But, seriously, folks, it’s also National Cyber Security Awareness Month, and C&IT is taking the occasion to ‘raise awareness’ of phishing as an internet danger.
Most people now know what phishing is: an attempt by crooks to get you to visit a website or download a file to your computer that will infect your computer (or your smartphone, or tablet) and either steal data from it or use it to send additional spam, or even help launch Denial of Service attacks.
In 2012 most users have no idea what their computer (tablet, smartphone) is doing ‘behind their backs’. For example, tiny files are deposited on your computer all the time when you visit websites (these files are called ‘cookies’, and they make it easier for you to log in to Wayne Connect, or order stuff from Amazon, or buy airline tickets). Unless you’re geeky, like some of my colleagues, you have no idea what cookies your computer might be harboring, and that’s generally not a danger.
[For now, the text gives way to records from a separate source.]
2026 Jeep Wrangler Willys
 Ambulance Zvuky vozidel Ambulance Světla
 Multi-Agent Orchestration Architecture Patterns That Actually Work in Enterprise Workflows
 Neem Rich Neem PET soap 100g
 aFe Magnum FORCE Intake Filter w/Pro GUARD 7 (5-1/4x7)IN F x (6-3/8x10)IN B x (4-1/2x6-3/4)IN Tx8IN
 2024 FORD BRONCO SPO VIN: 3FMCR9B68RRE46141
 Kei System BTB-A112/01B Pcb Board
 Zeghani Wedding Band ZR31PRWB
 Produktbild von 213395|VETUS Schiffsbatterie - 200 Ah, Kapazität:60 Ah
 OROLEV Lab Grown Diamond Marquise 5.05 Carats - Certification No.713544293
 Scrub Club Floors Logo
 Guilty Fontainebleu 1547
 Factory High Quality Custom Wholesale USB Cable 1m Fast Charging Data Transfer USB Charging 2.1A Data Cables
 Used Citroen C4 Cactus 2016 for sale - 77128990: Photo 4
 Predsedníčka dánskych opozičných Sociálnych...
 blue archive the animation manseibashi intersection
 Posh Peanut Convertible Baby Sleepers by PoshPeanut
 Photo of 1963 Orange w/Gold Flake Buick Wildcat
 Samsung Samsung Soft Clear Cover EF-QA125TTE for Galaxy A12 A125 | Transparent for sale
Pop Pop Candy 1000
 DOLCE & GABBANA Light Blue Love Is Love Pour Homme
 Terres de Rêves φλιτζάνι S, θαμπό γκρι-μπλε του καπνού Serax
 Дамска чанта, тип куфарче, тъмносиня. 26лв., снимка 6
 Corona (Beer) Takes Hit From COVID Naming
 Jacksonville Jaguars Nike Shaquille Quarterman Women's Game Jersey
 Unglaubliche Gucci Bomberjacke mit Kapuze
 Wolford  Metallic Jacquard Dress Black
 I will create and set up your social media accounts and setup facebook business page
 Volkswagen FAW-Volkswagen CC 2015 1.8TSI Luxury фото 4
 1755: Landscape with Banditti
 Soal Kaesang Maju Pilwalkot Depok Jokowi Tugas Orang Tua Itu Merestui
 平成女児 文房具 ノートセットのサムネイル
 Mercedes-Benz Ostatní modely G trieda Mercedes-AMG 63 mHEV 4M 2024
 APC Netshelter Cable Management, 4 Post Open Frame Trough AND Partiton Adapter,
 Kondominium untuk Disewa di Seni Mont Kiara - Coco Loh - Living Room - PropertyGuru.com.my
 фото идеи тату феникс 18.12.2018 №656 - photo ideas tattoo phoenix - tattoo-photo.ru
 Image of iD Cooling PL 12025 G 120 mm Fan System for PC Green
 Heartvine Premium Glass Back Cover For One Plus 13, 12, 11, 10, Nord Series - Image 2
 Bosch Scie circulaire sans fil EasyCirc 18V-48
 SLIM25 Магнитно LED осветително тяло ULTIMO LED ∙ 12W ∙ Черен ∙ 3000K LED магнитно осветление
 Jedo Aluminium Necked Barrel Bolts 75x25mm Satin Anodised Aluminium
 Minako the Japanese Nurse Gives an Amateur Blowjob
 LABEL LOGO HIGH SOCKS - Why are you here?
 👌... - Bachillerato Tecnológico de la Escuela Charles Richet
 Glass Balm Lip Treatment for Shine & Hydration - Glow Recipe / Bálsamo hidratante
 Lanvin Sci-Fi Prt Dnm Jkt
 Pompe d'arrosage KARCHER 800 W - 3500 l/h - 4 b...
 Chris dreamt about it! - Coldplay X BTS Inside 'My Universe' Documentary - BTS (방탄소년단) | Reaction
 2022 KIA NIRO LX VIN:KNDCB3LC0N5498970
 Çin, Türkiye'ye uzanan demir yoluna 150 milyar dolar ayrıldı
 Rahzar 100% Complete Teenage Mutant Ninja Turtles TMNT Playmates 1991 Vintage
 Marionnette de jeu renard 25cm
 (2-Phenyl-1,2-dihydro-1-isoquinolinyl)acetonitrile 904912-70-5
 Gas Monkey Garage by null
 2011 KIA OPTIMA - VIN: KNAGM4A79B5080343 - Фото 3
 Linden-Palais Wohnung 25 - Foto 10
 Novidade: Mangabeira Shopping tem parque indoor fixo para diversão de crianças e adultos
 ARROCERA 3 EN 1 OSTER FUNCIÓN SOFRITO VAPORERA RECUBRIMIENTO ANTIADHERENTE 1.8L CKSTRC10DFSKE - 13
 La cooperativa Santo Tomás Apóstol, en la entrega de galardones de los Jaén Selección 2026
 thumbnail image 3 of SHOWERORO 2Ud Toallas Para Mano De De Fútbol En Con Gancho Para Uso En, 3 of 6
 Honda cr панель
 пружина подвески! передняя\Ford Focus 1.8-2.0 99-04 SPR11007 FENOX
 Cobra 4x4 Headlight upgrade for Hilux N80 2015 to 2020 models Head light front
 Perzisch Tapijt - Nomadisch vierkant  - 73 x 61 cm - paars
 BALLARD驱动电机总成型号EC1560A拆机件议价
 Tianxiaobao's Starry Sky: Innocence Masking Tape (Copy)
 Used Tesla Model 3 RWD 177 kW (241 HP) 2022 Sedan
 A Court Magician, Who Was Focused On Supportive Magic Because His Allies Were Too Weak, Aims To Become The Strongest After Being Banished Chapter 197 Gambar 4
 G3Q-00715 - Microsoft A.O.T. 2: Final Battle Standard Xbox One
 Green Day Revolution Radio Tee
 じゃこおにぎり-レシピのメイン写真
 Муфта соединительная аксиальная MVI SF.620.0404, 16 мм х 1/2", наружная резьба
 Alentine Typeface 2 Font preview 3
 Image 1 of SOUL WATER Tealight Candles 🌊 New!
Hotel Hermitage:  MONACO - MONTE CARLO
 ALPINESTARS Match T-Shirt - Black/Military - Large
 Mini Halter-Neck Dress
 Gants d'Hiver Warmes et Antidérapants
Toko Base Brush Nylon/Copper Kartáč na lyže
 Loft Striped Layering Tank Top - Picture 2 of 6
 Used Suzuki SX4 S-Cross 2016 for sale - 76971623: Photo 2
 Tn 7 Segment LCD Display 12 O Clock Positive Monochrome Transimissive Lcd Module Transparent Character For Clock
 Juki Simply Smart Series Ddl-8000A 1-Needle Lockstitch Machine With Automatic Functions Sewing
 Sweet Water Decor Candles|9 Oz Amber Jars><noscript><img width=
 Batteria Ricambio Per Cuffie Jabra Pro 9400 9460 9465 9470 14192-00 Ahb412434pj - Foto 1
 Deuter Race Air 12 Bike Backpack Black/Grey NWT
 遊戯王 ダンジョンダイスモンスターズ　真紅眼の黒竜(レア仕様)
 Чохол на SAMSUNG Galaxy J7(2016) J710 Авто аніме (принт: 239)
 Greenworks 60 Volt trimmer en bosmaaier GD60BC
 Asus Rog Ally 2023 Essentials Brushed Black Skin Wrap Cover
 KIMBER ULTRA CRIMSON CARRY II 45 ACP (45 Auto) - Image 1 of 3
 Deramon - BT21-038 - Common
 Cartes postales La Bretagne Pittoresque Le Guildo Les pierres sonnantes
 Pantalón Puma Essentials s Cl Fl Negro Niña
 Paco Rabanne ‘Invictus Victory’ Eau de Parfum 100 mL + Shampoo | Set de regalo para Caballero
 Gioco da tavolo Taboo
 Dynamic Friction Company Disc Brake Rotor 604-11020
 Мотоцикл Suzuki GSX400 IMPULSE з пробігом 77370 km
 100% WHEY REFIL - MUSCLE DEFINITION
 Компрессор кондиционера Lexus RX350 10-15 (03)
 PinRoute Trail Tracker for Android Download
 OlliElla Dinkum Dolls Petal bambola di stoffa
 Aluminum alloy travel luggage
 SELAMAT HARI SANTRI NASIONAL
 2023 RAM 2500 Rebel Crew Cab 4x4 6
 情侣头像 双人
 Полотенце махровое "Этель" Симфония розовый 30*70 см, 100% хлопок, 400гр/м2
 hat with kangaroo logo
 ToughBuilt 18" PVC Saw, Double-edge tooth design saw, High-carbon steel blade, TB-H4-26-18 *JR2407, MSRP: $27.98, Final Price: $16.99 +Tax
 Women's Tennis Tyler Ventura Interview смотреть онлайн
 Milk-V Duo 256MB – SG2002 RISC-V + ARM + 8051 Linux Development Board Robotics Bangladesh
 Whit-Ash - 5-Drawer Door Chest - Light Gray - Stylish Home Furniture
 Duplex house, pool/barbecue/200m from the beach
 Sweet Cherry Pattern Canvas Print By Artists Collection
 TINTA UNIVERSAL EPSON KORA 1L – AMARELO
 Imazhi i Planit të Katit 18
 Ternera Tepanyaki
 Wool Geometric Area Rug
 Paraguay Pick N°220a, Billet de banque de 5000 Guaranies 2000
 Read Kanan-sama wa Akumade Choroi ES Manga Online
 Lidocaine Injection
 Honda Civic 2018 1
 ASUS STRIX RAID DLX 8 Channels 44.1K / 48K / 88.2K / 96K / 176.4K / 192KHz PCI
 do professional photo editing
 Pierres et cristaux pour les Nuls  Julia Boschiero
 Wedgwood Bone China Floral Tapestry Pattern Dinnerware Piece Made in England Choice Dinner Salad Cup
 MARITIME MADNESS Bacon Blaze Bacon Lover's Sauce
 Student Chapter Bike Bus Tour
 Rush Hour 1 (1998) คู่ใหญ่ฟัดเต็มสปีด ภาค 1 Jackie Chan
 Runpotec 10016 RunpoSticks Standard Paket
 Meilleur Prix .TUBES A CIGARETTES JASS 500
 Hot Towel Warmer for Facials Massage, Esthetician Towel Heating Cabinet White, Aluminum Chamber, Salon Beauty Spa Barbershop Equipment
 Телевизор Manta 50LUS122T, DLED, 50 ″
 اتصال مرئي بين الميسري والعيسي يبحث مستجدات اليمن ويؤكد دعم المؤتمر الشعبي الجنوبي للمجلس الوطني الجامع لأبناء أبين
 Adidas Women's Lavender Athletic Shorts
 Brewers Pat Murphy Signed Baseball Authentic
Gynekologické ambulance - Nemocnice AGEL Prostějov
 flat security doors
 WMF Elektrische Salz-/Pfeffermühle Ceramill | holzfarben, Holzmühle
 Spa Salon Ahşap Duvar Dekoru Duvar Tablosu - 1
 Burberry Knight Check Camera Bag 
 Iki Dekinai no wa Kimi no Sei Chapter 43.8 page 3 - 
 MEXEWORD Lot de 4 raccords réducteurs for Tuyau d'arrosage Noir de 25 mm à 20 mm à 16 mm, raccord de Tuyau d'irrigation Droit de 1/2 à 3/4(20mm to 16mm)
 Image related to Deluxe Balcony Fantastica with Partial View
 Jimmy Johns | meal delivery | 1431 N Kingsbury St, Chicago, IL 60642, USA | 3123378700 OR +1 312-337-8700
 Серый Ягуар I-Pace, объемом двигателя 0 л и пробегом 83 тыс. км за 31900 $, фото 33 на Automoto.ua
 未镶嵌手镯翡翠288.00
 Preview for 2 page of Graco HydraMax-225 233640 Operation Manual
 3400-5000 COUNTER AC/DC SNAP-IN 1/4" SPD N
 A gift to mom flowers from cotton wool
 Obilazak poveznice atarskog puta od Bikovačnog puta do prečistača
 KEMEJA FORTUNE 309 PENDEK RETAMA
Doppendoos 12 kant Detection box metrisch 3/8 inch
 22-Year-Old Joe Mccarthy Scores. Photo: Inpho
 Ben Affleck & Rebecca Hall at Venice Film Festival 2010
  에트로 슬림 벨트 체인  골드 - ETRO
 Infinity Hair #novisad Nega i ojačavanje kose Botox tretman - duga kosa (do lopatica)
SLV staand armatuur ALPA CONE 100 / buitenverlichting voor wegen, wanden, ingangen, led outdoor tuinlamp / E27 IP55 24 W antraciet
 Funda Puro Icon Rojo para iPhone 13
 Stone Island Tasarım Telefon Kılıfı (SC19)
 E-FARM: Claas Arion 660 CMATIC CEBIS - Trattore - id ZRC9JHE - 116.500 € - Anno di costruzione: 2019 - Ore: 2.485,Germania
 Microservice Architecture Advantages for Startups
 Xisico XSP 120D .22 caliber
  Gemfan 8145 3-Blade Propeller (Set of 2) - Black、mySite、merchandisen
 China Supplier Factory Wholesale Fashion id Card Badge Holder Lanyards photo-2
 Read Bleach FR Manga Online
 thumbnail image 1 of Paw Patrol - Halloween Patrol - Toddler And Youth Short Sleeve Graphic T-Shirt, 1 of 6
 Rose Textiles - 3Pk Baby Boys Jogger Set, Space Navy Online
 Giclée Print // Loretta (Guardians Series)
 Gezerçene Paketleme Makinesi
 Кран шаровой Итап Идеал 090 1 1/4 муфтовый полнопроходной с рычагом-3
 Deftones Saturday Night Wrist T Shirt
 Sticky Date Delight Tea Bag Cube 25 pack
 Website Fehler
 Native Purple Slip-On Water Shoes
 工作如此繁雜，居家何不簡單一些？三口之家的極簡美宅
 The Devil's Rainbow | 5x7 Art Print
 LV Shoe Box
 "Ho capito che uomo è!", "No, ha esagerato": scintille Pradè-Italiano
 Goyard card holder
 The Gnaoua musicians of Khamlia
But some websites put much more malicious items on your computer. For example, programs that snatch control of your computer and use it to send out spam. Even porn-based spam. Or the program might send out tens of thousands of messages to a particular, targeted website (say Walmart, or the White House). If enough infected computers do this, the net effect is to break the targeted website so it can’t function. These attacks are called Distributed Denial of Service (DDOS) attacks, and programs downloaded without your knowledge are used to do this.
Another way that your computer can be seized (metaphorically) is through opening attachments that are designed to do the same thing–surreptitiously put programs on your computer. And we all get messages saying things like ‘please see the attachment for important information’ or something like that.
Now, you may think you’d never fall for these tricks, but in early September several of your Wayne State colleagues did, and their computers were ‘pwned’ (cute internet slang for ‘taken over by cybercrooks’) and sent out tons of spam. As a result all of Wayne State email was marked as spam by Microsoft (who run Hotmail and its successors), and nobody at Wayne could contact anyone with a Hotmail or .msn address. Many of us were handicapped by this until we could persuade Microsoft that we were good guys after all.
So, C&IT is going to be running a campaign to teach folks how to recognize phishing messages and what to do when you receive one. And this blog entry is one of the opening salvos in that campaign. Anticipate hearing lots more about this, including an exciting contest with clever prizes.
And happy National Bullying Prevention Month.